Abro los ojos, miro el reloj y reafirmo mi alto grado de imbecilidad. ¿A quién se le ocurre despertarse un sábado a las ocho de la mañana? Pues a mí que tengo el ciclo de sueño totalmente desbaratado. Giro mi cuerpo enfadado y analizo el trasiego nocturno de mi loca familia. Diego y Álvaro se acurrucan junto a mí; Alonso ha huido ante la invasión infantil. Muevo mi hombro forrado de esparadrapo, no siento un gran dolor y decido aprovechar la situación. Salto de la cama, me ducho y me voy a la galería comercial. Rosa, la frutera, se sorprende al ver que soy la primera clienta. ¿Te has caído de la cama?, me pregunta sonriente. Manolo, el carnicero, y Fernando, el pollero, me repiten la pregunta y a todos les contesto afirmativamente.
A las diez, entre mimos, despierto a todos mis hombres y corremos a la piscina. De allí, al fútbol (jugaron mejor que nunca, perdieron como siempre).
A la hora de la comida apareció mi hermano Pepe.
-Hermanita, espero que me hayas preparado algo rico. Tengo un hambre...
-Te va a encantar. Os vais a comer a un italiano.
-¿Pero tú no vienes?
-No, que sino no quepo en el vestido para el bodorrio.
Entre risas y mofándose de mí, el sector masculino partió y aproveché para darme un baño relajante, peinarme, quitarme los esparadrapos y restaurar con potingues mi cara cansada.
A las seis me embutí como una butifarra en el traje y nos fuimos a la boda de mi primo Javier con Verónica.

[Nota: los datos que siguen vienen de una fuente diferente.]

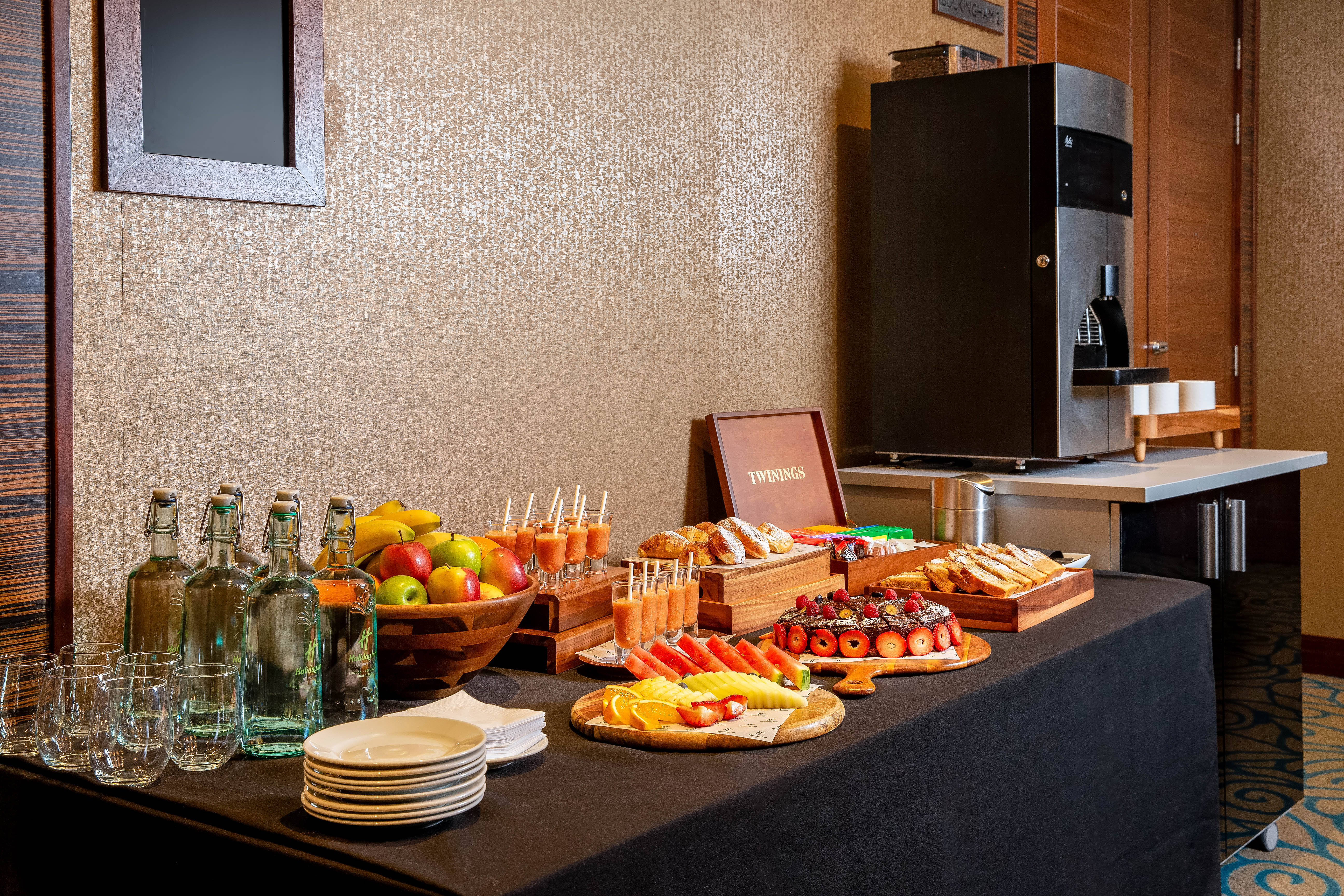 Buckingham Suite catering setup at Holiday Inn Kensington, ideal for meetings and events.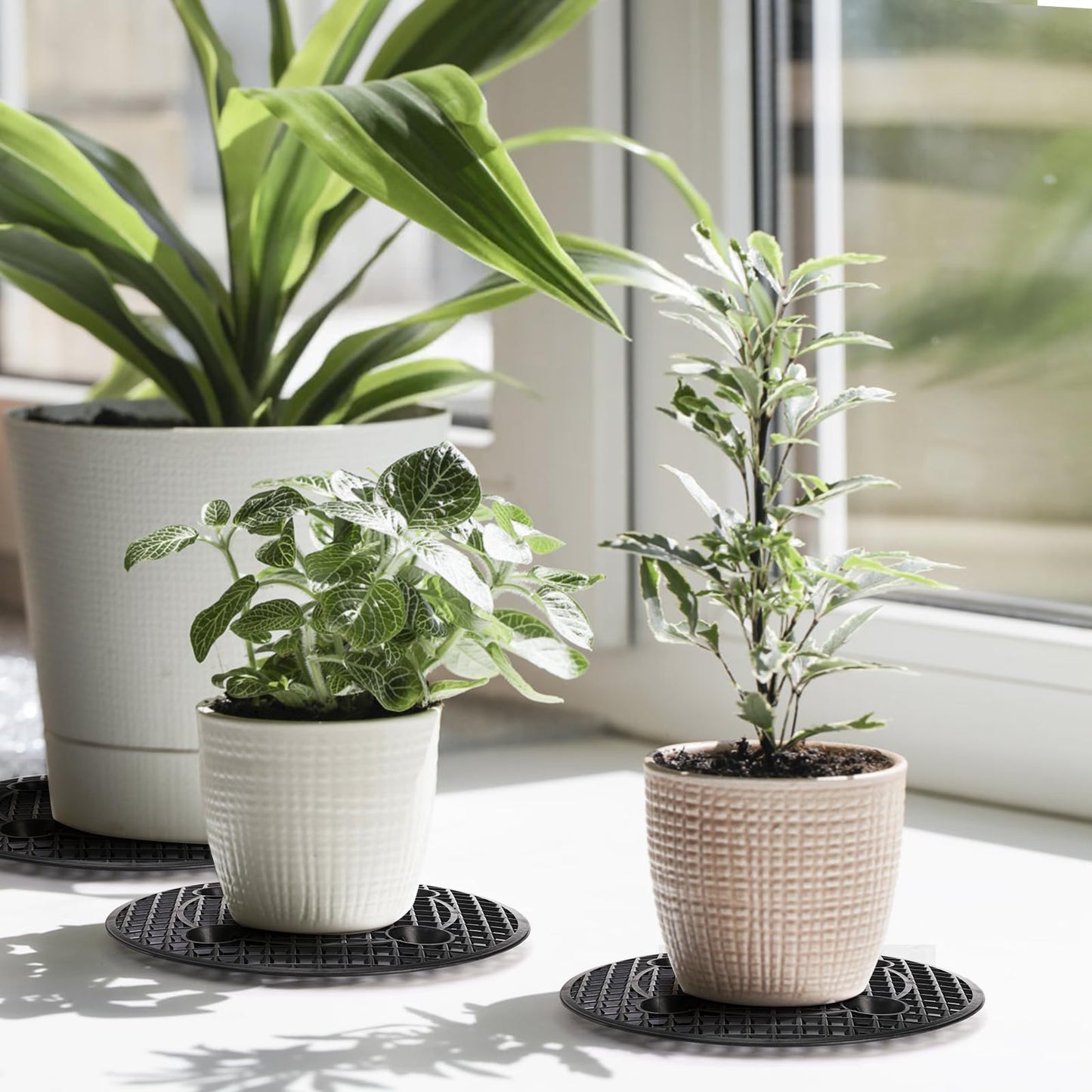 Tlence 15 PCS Plant Level Pot Elevator, 12 inch Plastic Potted Plant Stands, Large Patio Planter Riser Holder, Deck Floor Protector to Prevent Rot Damage, Plant Trivet for Indoor Outdoor Garden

Nos lo pasamos de maravilla, conocí a familiares fantásticos, también a personajes peculiares, reí una barbaridad (¡cuánto lo necesitaba!), comí (placer divino), bebí, bailé y disfruté de una gran fiesta.
Ahora mi hombro se resiente de nuevo, las ojeras se han multiplicado, el cansancio me invade sin compasión, mis pies lloran por los taconazos de ayer.... Ay, ¡qué mayor estoy!